ABOUT THIS EXERCISE: In the data that follows, find the line with "XANA BLACK DINING CHAIR"; transcribe it, every later line up to the one with "Sean Astin speaks", and that line as well, exactly and with no others.

PROVIDED DATA:
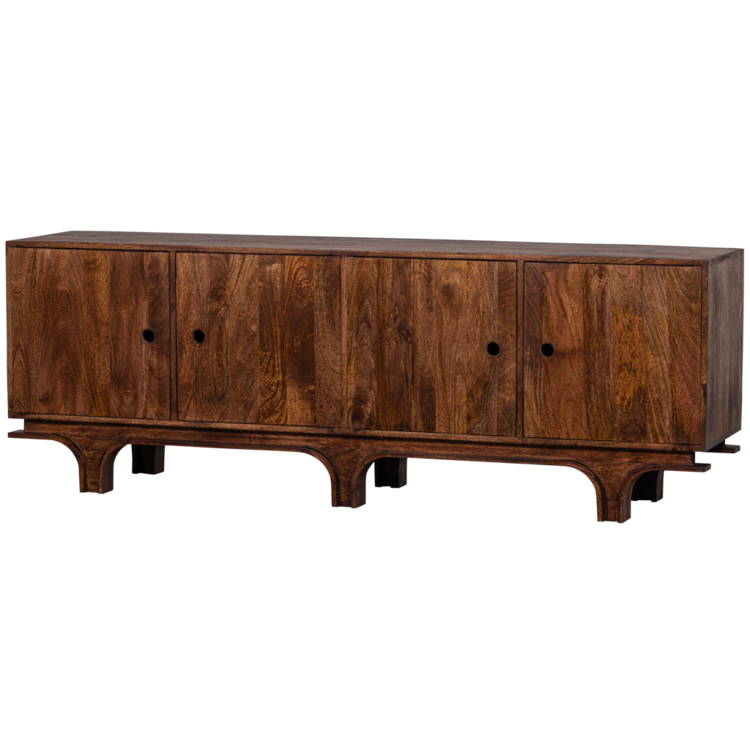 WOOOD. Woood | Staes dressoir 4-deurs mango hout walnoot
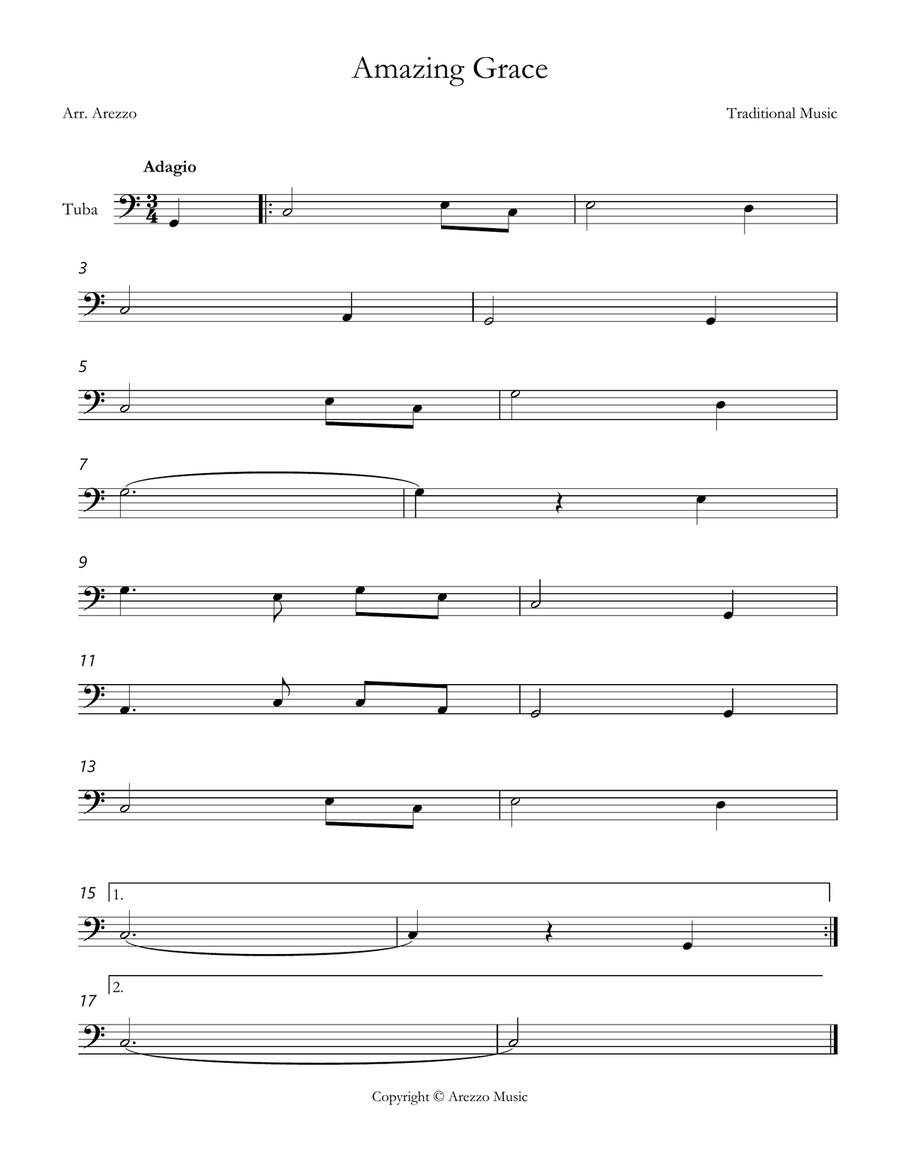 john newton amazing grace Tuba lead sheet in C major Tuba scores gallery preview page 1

==

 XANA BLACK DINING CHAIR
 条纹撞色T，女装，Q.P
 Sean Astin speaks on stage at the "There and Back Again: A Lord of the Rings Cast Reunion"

RESULT FOR THIS EXERCISE:
 XANA BLACK DINING CHAIR
 条纹撞色T，女装，Q.P
 Sean Astin speaks on stage at the "There and Back Again: A Lord of the Rings Cast Reunion"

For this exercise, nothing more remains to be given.